Wearing plaid, as the stereotype goes, is a lesbian identifier—and one that helped me own that part of my identity. Before embracing the tried-and-true print, I was decked out in my brother’s hand-me-downs, shopping in the boy’s department for ball caps and baggy Adidas track pants. As I got older, I wanted a style that fit somewhere between my tomboy aesthetic and my burgeoning femininity. The plaid shirt was the perfect medium during those early days: The patterns were basic. The colour schemes were subtle, simple. And the shirts would fall on a unisex border, helping me keep one foot in the female dress that society (and, more significantly, my high-school peers) expected of me and another wading into the world of butchier male aesthetic.

My coming-out journey was not an easy one, overshadowed by Catholic school bullies who whispered on our bus rides home and vandalized my locker. There was no escaping their hatefulness; I couldn’t change my sexual identity—but I could own it. So I decided to embrace the stereotypes, because in the throes of high school torment, it seemed easier to box myself in than to explain the emotional nuances of coming out. I would don my gay uniform like armour: plaid shirts and any band tees featuring queer artists that I could get my hands on.

So on a cold Sunday in 2007, I walked into Stitches—a fast-fashion boutique you used to find in every suburban mall—in the north Toronto shopping centre where I spent my weekends, determined to find my first plaid shirt.

Hanging on a rack beside the cash desk, I spotted it: navy-and-white checked, in a diagonal pattern, distressed with black buttons. I would pair it with my American Apparel hoodie, my tight black jeans, and my slip-on Vans sneakers. I would walk around my high school looking like my idols.
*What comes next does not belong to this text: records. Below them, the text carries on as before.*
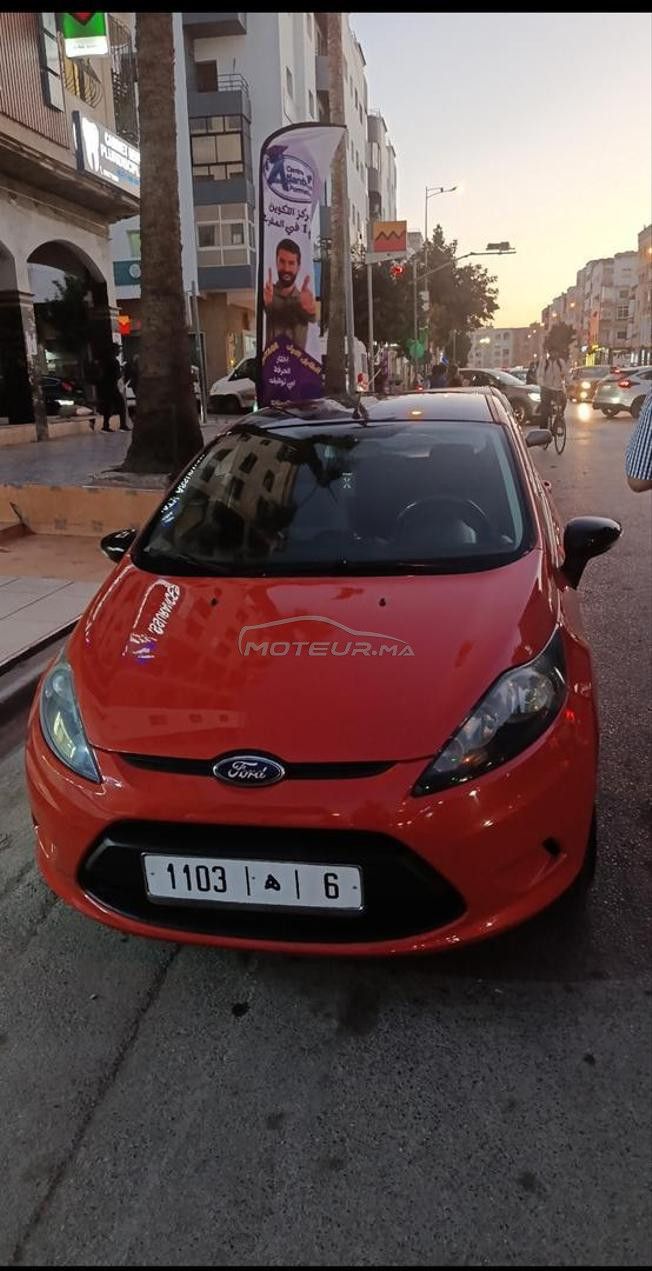 ford fiesta  a vendre 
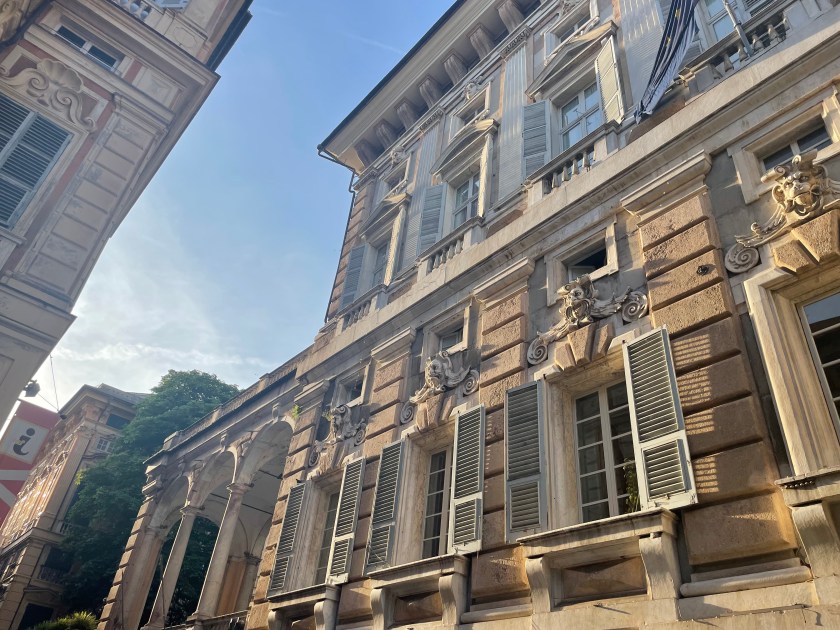 L'imponenza dei palazzi e la bellezza dei caruggi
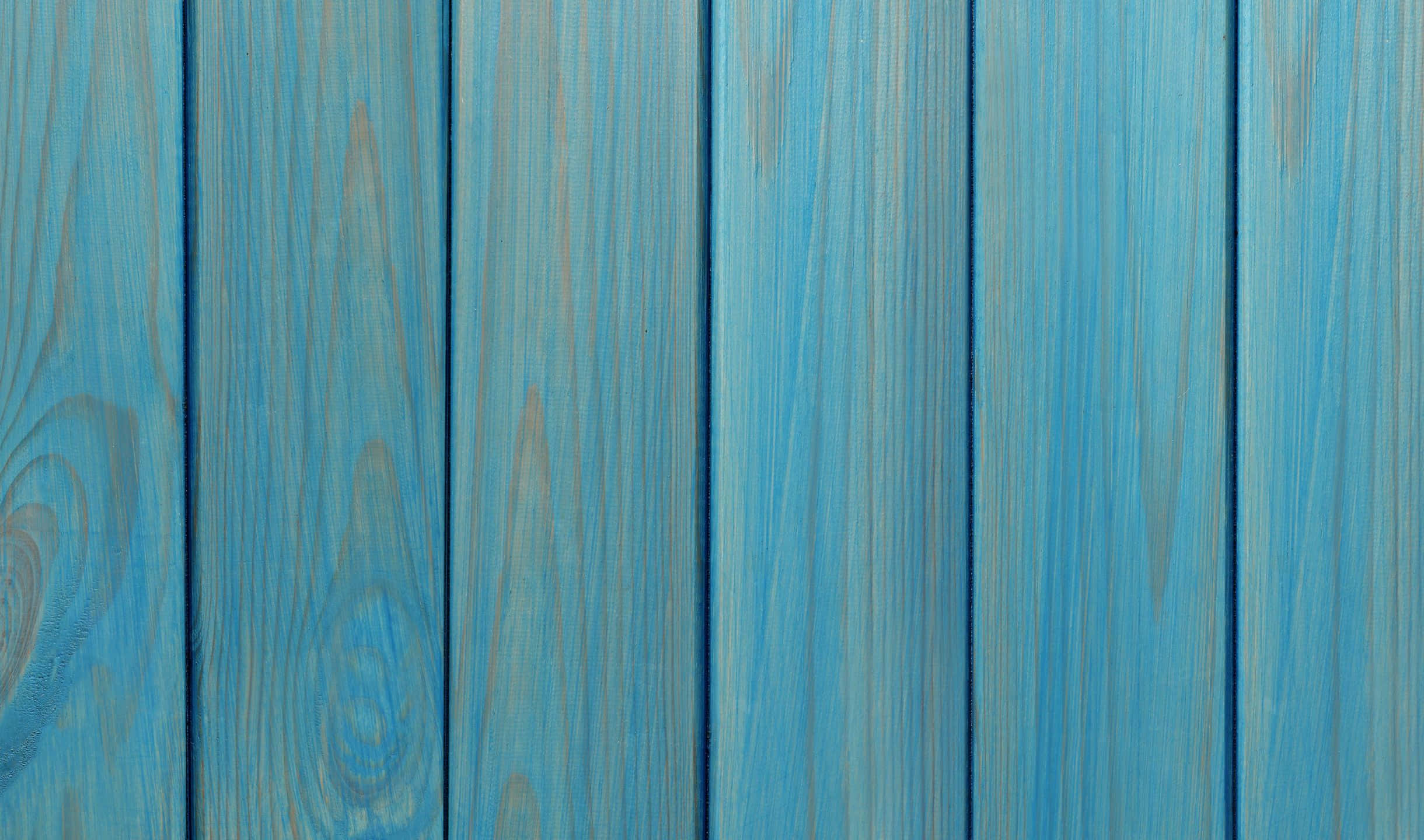 2440x1440 Material 桌布 壁紙 — 垂直藍色油漆木板，帶有天然木紋圖案和微妙的風化紋理。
With plaid, what you see is what you get. There are no frills. It’s how I wanted to feel about my sexual identity—I wanted to be nonchalant about it, to allow a single, simple garment to define one of the most complex parts of me, despite the fact that coming out was the most trying and difficult process of my young life. It also represents coziness and comfort, and in that way embodies what I longed for as a teen freshly out of the closet: I wanted to be part of the queer community, and feel comfortable with my identity.

As New York-based journalist and editor June Thomas points out, queer women were often the first among urban women to wear more “masculine” apparel—trousers, dress shirts, denim—making plaid part of our heritage. “Jeans and flannel shirts were one of the first outfits that [lesbians] could get away with wearing on the streets of the city” during the 1940s, Thomas adds. Traditionally associated with lumberjacks and farmhands, plaid signifies a certain rugged strength and power.

It’s also a more temporary signifier of sexual orientation than past ones: If lesbians in the ’40s and ’50s got nautical star tattoos to identify themselves to one another, lesbians today can throw a flannel shirt over a white tee and ripped jeans à la the L Word’s Shane as a nod to their sexuality. (In recent years, plaid became more of a fast-fashion trend, making the rest of the stereotypical lesbian ensemble—beanies, baggy jeans, overalls, and so on—all the more important.)

A decade later, I have accumulated dozens more plaid shirts, in an array of colours, textures and materials. But my love for plaid is no longer rooted in the lesbian stereotype. Instead, it tells the story of my growth since I purchased that first shirt more than a decade ago. It’s part of my history, but it’s also part of the history of many queer women.

A friend of mine jokes that a Google search of “lesbian plaid” will yield millions of results, a history of our greatest fashion staple. And a quick scan of social media is proof: “Plaid is the official clothing of the lesbian community,” jokes one user on Twitter. “My school outfits consist of band merch and plaid shirts, and if that doesn’t make me a lesbian then I don’t know what does,” writes another. It’s a bond, whether grounded in humour or not, that brings the community together. It’s something I’m reminded of each time I button up my favourite flannel.